Problem: In the material below, find the line with "Athena Blooms floristry" and the line with "Hyène Nature Sauvage — Photo". Output exactly those two lines and all lines between them, leaving out pictures.

Given records:
'''

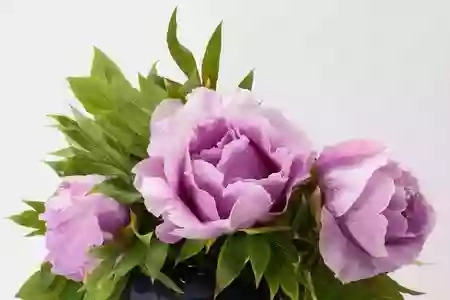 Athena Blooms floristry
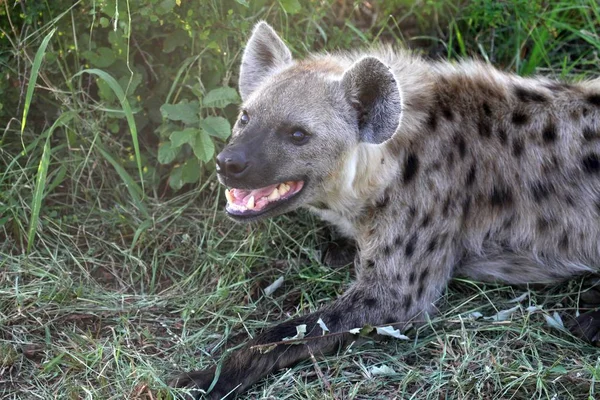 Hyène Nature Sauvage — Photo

'''
'''

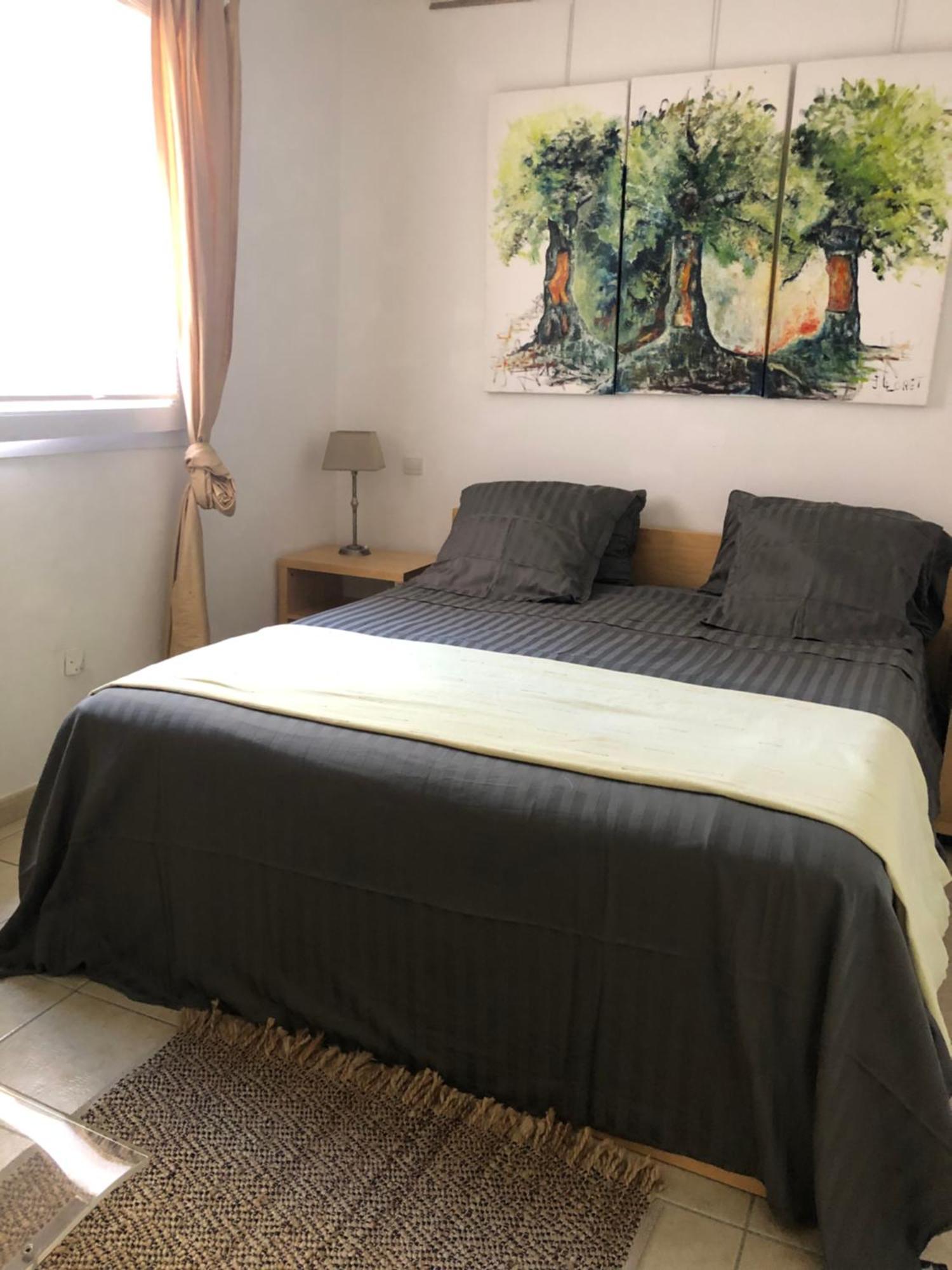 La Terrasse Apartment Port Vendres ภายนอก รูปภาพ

'''

Output for this task:
 Athena Blooms floristry
 Hyène Nature Sauvage — Photo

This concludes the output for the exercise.